Actaeon of golden greaves!
Over fair meadows,
Over the cool face of that field,
Unstill, ever moving,
Host of an ancient people,
The silent cortège.[10]

It’s not immediately obvious what Actaeon is doing here; or rather, why it’s Actaeon as opposed to any other of the illustrious dead who have crossed into Hades. (He appears in Pound’s Canto IV but in his familiar context of pool, goddess, stag and hounds.) James Longenbach comments that here Pound ‘was able to pull his experience of the war into the private world of the Image’ but points out that ‘the sacrifice was a large one’ since the poem ‘addresses the war only by mythologizing it out of its place in history and ignoring the brutality of the actual experience.’[11]

Titian, c.1488-1576; Diana and Actaeon

(Titian, Diana and Actaeon, National Galleries of Scotland)

The story that Ovid tells is, in any case, a wonderfully suggestive one, presumably accounting for its strong attraction for poets and translators. The hunt is itself a potent idea, especially the sexual politics of the hunter become the hunted, the mortal man doomed by the arbitrary act of the divine woman. Or is it arbitrary, since the intrusion may be seen as not merely a social solecism but a sacrilegious blunder, a subversion of the natural order? As for the metamorphosis, the transformation, every translation – perhaps every work of art – can be seen as a metamorphic act. But another attraction is surely the tumultuous unfurling in Actaeon’s mind, the dizzying terror, the internal screaming as the words come to his lips, the things he would utter ­ – but his power of speech is gone, his human faculties fled.

Here’s a favourite recent telling of the tale, by Lavinia Greenlaw:

He walks his mind as a forest
and sends of himself into dark places
to which he cannot tell the way.
The hunt comes on and he in his nerves
streams ahead – hounds flung after
a scent so violent no matter the path
or what’s let fall.
A burst of clearing.
Water beads and feathers her presence
as she thickens and curves.
He says words to himself not to look
but his eyes are of their own
and she at their centre a dark star
contracted to itself discarding
wave on wave on flare on fountain.
His skull erupting, branching . . .
And his blood is shaken down.
And he is all fours.
And his noise.
And his hounds.[12]

 

References

[1] A. E. Stallings, ‘Actaeon’, published in Poetry (May 2003).

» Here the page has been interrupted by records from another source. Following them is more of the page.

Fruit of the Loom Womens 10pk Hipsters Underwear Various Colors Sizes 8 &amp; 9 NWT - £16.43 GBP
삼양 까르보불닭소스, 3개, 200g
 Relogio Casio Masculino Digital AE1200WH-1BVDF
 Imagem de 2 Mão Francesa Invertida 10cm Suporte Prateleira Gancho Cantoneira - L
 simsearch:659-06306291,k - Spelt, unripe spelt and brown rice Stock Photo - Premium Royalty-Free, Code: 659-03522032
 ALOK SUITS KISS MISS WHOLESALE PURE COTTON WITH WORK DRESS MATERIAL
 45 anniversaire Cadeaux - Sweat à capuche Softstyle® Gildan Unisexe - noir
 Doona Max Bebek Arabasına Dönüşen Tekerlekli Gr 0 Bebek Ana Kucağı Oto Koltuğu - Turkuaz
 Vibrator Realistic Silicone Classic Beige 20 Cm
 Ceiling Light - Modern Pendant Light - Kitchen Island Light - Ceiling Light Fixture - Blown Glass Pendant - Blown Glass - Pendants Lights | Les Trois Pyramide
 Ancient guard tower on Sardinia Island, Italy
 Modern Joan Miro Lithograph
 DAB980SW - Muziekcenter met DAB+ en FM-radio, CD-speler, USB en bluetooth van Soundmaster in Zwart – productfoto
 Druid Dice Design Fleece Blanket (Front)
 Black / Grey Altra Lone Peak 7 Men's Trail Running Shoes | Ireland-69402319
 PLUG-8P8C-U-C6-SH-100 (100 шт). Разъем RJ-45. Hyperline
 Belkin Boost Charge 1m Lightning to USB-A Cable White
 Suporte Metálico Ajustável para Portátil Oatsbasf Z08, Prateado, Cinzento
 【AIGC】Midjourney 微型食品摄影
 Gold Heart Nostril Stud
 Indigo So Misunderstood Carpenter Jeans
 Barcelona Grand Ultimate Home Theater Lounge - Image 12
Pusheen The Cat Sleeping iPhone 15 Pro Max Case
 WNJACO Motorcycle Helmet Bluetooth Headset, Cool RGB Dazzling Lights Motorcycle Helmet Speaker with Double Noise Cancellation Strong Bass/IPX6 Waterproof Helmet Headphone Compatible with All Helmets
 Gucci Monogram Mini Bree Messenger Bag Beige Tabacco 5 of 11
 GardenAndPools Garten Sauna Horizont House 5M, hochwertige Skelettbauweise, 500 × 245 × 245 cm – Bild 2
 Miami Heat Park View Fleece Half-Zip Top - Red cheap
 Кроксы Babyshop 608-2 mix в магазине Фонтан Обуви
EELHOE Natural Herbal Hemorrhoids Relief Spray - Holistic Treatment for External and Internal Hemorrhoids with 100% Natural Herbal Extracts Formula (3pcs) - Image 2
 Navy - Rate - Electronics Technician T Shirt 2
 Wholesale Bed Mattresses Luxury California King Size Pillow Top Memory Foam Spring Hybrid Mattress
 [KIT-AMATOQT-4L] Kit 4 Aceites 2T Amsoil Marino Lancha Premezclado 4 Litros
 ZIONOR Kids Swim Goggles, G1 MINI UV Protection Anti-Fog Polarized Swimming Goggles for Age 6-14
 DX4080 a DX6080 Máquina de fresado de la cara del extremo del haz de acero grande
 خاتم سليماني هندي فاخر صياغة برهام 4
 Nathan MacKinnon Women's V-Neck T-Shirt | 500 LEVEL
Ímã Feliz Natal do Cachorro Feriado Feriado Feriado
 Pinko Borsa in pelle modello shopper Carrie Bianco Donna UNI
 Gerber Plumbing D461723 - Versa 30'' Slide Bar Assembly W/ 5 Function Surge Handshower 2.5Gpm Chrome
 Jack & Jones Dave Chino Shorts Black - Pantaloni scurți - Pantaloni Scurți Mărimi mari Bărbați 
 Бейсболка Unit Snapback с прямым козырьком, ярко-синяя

[2] Ezra Pound, The ABC of Reading (London: Faber and Faber, 1961), 127; How to Read (London: Desmond Harmsworth, 1931), 45.

[3] Confucius to Cummings: An Anthology of Poetry, edited by Ezra Pound and Marcella Spann (New York: New Directions, 1964), 37, 40-41.

[4] After Ovid: New Metamorphoses, edited by Michael Hofmann and James Lasdun (London: Faber and Faber, 1994), 3-20, 94-109, 114-117, 245-258.

[5] Ted Hughes, Collected Poems, edited by Paul Keegan (London: Faber and Faber, 2003), 937.

[6] Ovid, Metamorphoses, III, 140-142, translated by A. D. Melville (Oxford: Oxford University Press, 1987), 55. In a note (392), Melville suggests that Ovid had his own case in mind here, having insisted that the offence for which he was exiled was an error rather than a crime.

[7] Lisa Halliday, Asymmetry (London: Granta Books, 2018), 188.

[8] Ford Madox Ford, The Young Lovell: A Romance (London: Chatto & Windus, 1913), 27. On Actaeon’s connection to Peire Vidal in The Good Soldier, see my ‘“Speak Up, Fordie!”: How Some People Want to Go to Carcassonne’, in Ford Madox Ford and the City: International Ford Madox Ford Studies 4, edited by Sara Haslam (Amsterdam: Rodopi, 2005), 204.

[9] Ford Madox Ford, It Was the Nightingale (London: Heinemann, 1934), 262.

[10] Ezra Pound, ‘Actaeon: The Coming of War’, Ezra Pound: Poems and Translations, edited by Richard Sieburth (New York: Library of America, 2003), 285.

[11] James Longenbach, Stone Cottage: Pound, Yeats and Modernism (New York: Oxford University Press, 1990), 124.

[12] Lavinia Greenlaw, ‘Actaeon’, The Casual Perfect (London: Faber & Faber, 2011), 13.